Bucks Hill (Waterbury)

Norwalk

Matt Barrett, president and CEO of the Connecticut Association of Health Care Facilities, an association of 150 skilled nursing facilities and assisted living communities, said the industry needed $312 million immediately to cover increased costs due to decreased occupancy during the pandemic — and historic Medicaid underfunding. Even that wouldn’t cover the costs to settle collective bargaining issues, he said.

Barrett pushed back against Mounds’ characterization of the $280 million proposal as the administration’s best and final offer, saying state lawmakers and the administration are still debating the state budget.

“Everyone should stay engaged in the appropriations process and stay at the bargaining table and stay on the job and do everything we can to avert a strike until there’s a final answer on appropriations,” he said by phone Tuesday night.
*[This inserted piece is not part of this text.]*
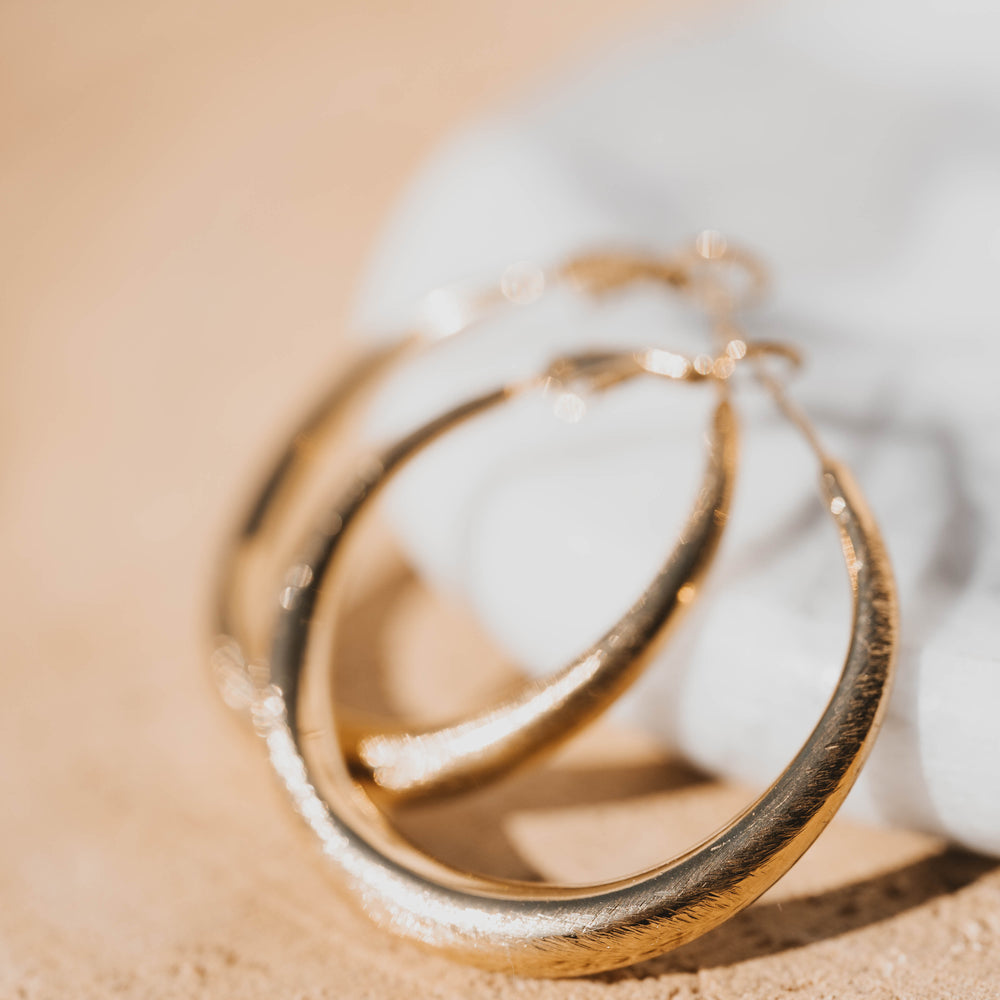 
                      
                        Rosario | Boucles d'oreilles / créoles en acier inoxydable | 3,5cm | Doré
In addition to the $150 million for wages, Lamont’s proposal would temporarily boost the Medicaid reimbursement for nursing home operators by 10 percent for a total of $86 million; provide a one-time pension enhancement of $19.5 million, and appropriate $25 million in federal stimulus money for hazard pay and workforce development training.

Baril called the training and retirement proposals “completely inadequate for an impoverished workforce that carried the nursing home industry on its shoulders through an extremely dangerous public health emergency.”
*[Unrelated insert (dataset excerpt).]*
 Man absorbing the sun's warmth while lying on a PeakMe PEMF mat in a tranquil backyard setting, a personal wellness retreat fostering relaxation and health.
“Workers have suffered untold trauma in the last year with thousands of resident deaths and nearly two dozen worker fatalities in our union,” he said.

The same day the administration presented the nursing home relief package, the governor authorized Major Gen. Francis J. Evon Jr. to “immediately call up a sufficient force of members of the armed forces of the state” to support the state Department of Public Health’s response to a potential strike Friday.
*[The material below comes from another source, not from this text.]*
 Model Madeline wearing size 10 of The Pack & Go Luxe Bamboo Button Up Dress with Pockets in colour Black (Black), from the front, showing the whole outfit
The 50 National Guard troops would not replace the workers going on strike but help public health officials in their oversight of the 33 nursing homes that would be affected.

The strike contingency plans submitted by nursing home operators include retaining temporary workers through staffing agencies, Deidre Gifford, acting Public Health commissioner, said Tuesday night. Her staff is following up with the agencies to ensure enough workers would be on site to care for nursing home residents if a strike occurs.

As part of that review, operators have to provide the department with names, documentation showing their licensure status or certification, and the shifts they would be working.

“We won’t approve the plans until we have that level of detail,” Gifford said.

In some cases, it’s been challenging for operators to find additional workers, but Gifford said she’s confident they will be able to secure the level of staff needed. Operators can be subject to “large fines” if they don’t submit adequate staffing plans to DPH, she said.

Barrett said the plans include entering into non-refundable replacement worker contracts to secure staffing if employees don’t show up to work. He said some workers could have to be flown in from other states, adding to the costs. Nursing homes are responsible for transportation and lodging of replacement workers and other costs such as increased security.

“These increased costs would be paid for by state taxpayers under Connecticut’s Medicaid program,” he said.

In the event of a strike, DPH staff and National Guardsmen would be on site at the nursing homes to monitor the replacement workers to ensure all safety protocols are followed, Gifford said. Nursing homes would be required to continue COVID-19 protocols, including testing and vaccinations.

Additional National Guard troops could be activated to help. Gifford said relocating residents would be a last resort.

The workers threatening a strike include registered nurses, licensed practical nurses, certified nursing assistants, receptionists, dietary aides, housekeeping and laundry staff.

In addition to the nursing home employees, about 2,000 group home workers, also from SEIU District 1199, voted to authorize a strike effective May 21 — with many of the same issues as the nursing home workers.

About 4,000 residents live at the nursing homes subject to Friday’s strike, according to David Dearborn, a spokesman for the state Department of Public Health.